Here’s a more current photo of the dining room:

photo credit: Sarah Felix Burns

We haven’t done much in this room except put quarter-round on the baseboards, paint all the trim, patch the plaster walls and build some shelving into the fireplace. That’s right – we built shelves for my books right IN the hearth! Why? Because the chimney had been capped in the attic several decades ago, thus rendering the fire-place non-functioning in its current state. Also, my two-year-old kept climbing into the fireplace and was subsequently covered in black ash. Problem solved with bookshelves.

photo credit: Sarah Felix Burns

The picture above the mantel was another one of the things passed down with the house. I don’t know how long it has been there but it fits the space well and I’m actually afraid of what might happen if I take it down and replace it! It’s not really my style – and it’s kinda creepy in a way – but it belongs to *her* so I leave it there out of respect.

photo credit: Sarah Felix Burns

I change-up the mantel decor based on the season.

Moving on to the kitchen…

The kitchen is bright and sunny – and large – but not exactly “updated”.

photo credit: Sarah Felix Burns

photo credit: Joann Grenard

photo credit: Sarah Felix Burns

In fact, as you might be able to tell, there is no dishwasher. Yes, we do things the old-fashioned way here – by hand! (Don’t be fooled, living like a pioneer is not always fun.) But there is a really neat vintage porcelain sink & surround which probably dates from the 1950’s.

photo credit: Sarah Felix Burns

My mom sewed the sunflower curtain on the back side of the kitchen island. She’s crafty that way.

The cupboards were also hand-made looooong ago – as evidenced by their many, many imperfections and layers of paint. They were bright blue at one point in time.

Off the kitchen is a large bathroom that was probably a summer kitchen or storage room back before plumbing was invented. (This house did not originally have plumbing or electricity so everything has been haphazardly installed over the last century or so.)

photo credit: Joann Grenard

photo credit: Sarah Felix Burns

The downstairs bathroom actually has new drywall – which is nice because most of the home’s walls are still composed of the original plaster which has badly disintegrated and is only being held in place by numerous layers of old wallpaper. Old wallpaper that has been painted over many times.

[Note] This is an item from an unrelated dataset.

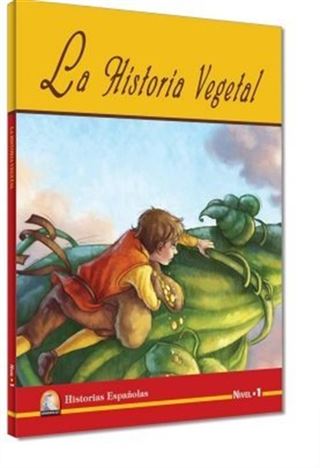 La Historia Vegetal (Nivel 1) (İspanyolca Hikaye)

Yuck.

Anyway, the downstairs bathroom was nicely done a few years back – complete with custom-built cabinetry and lovely beadboard wainscoting.

photo credit: Joann Grenard

The imported European washer & dryer are also located in the downstairs bathroom. They are smaller than they appear in this wide-angle shot. I guess the North-American-sized washer & dryers wouldn’t fit in that little alcove, so previous owners went the European route.

photo credit: Sarah Felix Burns

 

The downstairs bedroom is painted a nice rich tan color, which I happen to really like, so I patched the walls and repainted them the same color. The carpet is berber-esque but old and nasty and needs to be replaced. I’ve had it professionally cleaned (twice) since I’ve lived here but it still grosses me out.

photo credit: Joann Grenard

We now use this room as an office/guest bedroom. I also hung some lace curtains in here for a little extra privacy:

photo credit: Sarah Felix Burns

photo credit: Sarah Felix Burns

 

Upstairs, we have two bedrooms and another large bathroom:

photo credit: Joann Grenard

Here’s a photo taken (since we moved in) of the “pot” area of the bathroom:

photo credit: Sarah Felix Burns

And below is a photo of the lace curtain valance I found at a thrift store for $5 – is that not a perfect fit for that window??

photo credit: Sarah Felix Burns

This bathroom has also been updated and it is lovely. Probably one of my most favorite places in the house.

photo credit: Sarah Felix Burns

It also has a sweet, dainty chandelier:

photo credit: Sarah Felix Burns

I just cleaned that sucker, and it was not fun.

The master bedroom was in dire need of some work when we bought the place.

It went from this:

photo credit: Joann Grenard

To this:

photo credit: Sarah Felix Burns

We installed beadboard, crown moulding, picture rail, updated the electrical, lined the closet with aromatic cedar, and painted the walls, trim and ceiling.

The result is a very pleasing and calming little nest for me.

photo credit: Sarah Felix Burns

A more recent (and less fuzzy) pic:

photo credit: Sarah Felix Burns

My mom made the quilt – how lovely is that?

photo credit: Sarah Felix Burns

This is the only room in the house that still has the original wide-planked wood floors exposed (although they are painted)…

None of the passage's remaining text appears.